By Jacob Sahms
Steve Cleary is definitely more than just the guy coloring in someone else’s illustrations.
Cleary knows that missionaries around the world are suffering for the gospel of Jesus Christ, because he has served in Africa, China, and Iraq, and learned from the personal example of Richard Wurmbrand. When he began volunteering with The Voice of the Martyrs, he could not have known where his service would take him, or that he would find himself creating a feature-length, animated version of The Pilgrim’s Progress as a tool to reach souls around the world.
While he did not grow up with a video camera in his hand, Cleary found himself passionate, full of burning desire, to tell stories about Jesus and the way Jesus impacted people. “Pastor Wurmbrand taught me that books and films live much longer than we will,” the producer shared. “I’d be horrible at telling stories I’m not supposed to tell, so I can only tell the ones I’m inspired to make.”
The second most popular book in history, John Bunyan’s The Pilgrim’s Progress, has sold more copies than all of the Harry Potter novels combined, but that’s not what makes it so remarkable. It’s the fact that Bunyan wrote it from prison, chained like the Apostle Paul for refusing to cease in his preaching. An uneducated man nicknamed “The Tinker,” he was inspired to share the story during one of his imprisonments, narrating the story of an everyman character, Pilgrim, who embarks from the City of Destruction for the Celestial City, an allegory for a Christian’s movement through a journey of faith. This story is personal for Cleary, because of its power and because of how the book relates to his mentor, Wurmbrand.
“Richard was imprisoned, and in his mind, he wrote Tortured for Christ, which I’ve made into a film,” Cleary explained. “When he was ransomed from Romania and arrived in US, he founded Voice of the Martyrs. The one outside book that they paid to publish was The Pilgrim’s Progress. It was secretly published in the Soviet Union, in China. People were literally dying to get that story out.”
Regardless of what country Cleary has visited, the pastors and the leaders of the secret churches know the story of the Pilgrim. “Two or three months ago, a family in China was imprisoned for having a copy of The Pilgrim’s Progress in their home,” shared the producer. “It’s a legal book in the universities, but the leader of the district was so opposed to it that he had them put in prison. Outside of the Bible, it’s the greatest story ever written. There are so many lessons, just one big parable like those that Jesus preached.”
“Maybe in America, we’d like it to be easy to be Christians,” he mused. “The message is continually that the King forgives, that the King is not far off. If the message of the film comes across on screen, if we really convey Bunyan’s message, then we’ll have done our job.”

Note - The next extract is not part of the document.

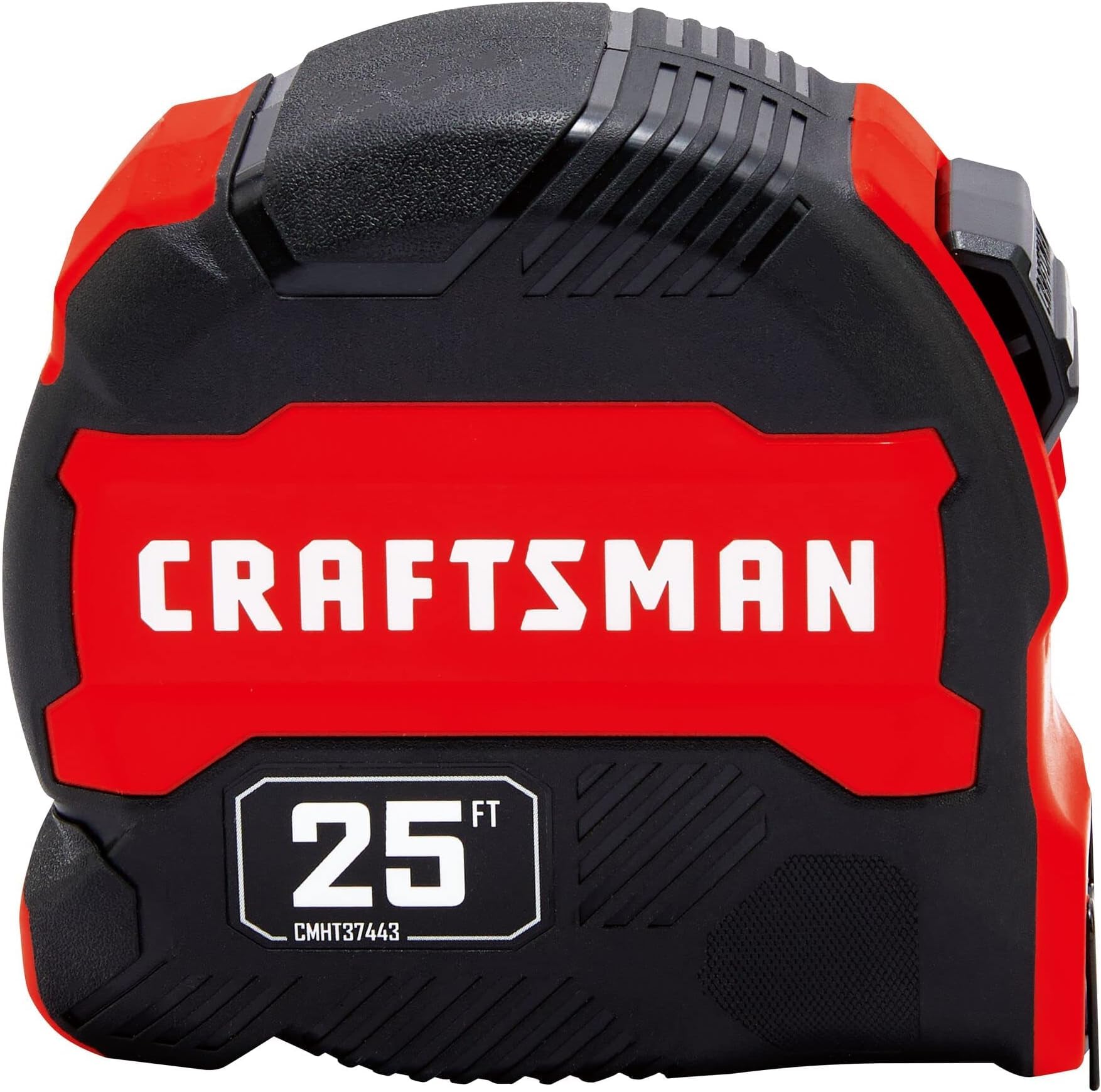 CRAFTSMAN 25 Ft Tape Measure - Fraction Marked -8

“It’s his work, we just colored it.”
While Cleary is incredibly passionate about the story and the film that he and his team have created, he knows that fans in the United States may be biased against it because, he says, it’s “a message movie.” With three percent of a typical budget for an animated film (two and a half million dollars), it does not look the same as a Pixar flick or the latest CGI. But there’s more going on here than box office totals on Easter weekend.
“If a couple thousand people see it over Easter weekend in the United States, we will hit our goal,” Cleary explained. “But the same weekend, it will shown on most popular TV station in Iran where two million secret believers and four million seekers will see it for free. We’re looking at schools in Philippines, into all of India where they’re looking to eradicate Christianity, and a system through the Himalayas. It’ll be one of the best Christian films they have access to.”
Citing the success of The Jesus Film forty years ago, Cleary has a model for how to get the film out there, in front of people who can use it as a tool of evangelism. He has seen already that people in the United States, regardless of age or background, respond to the narrative that Bunyan shared and that Cleary’s team has animated. He does not take lightly that others are responding.
“Pastor Wurmbrand said that if you’re not willing to sacrifice for your Bible, then don’t give to an offering for Bibles in other countries, because someone could lose their life over that Bible,” Cleary remembered. “It’s possible that someone could go to prison, even give their lives, in other countries for this movie. We know people are willing to suffer to get the right movies out.”
Time will tell the kind of impact that Cleary’s version of The Pilgrim’s Progress can have. For now, audiences will have to wait and see how the animated Pilgrim goes on his journey, learns his lessons, and makes his choices. You can be sure that when people around the world see it, some of them will find their hearts for sharing the good news emboldened and others will hear it for the first time.
Just like another man who shared his experiences of Jesus from his chains and has been translated in a myriad of ways that make him more relatable, John Bunyan’s work is finally getting the twenty-first century update it needs to further reach the world.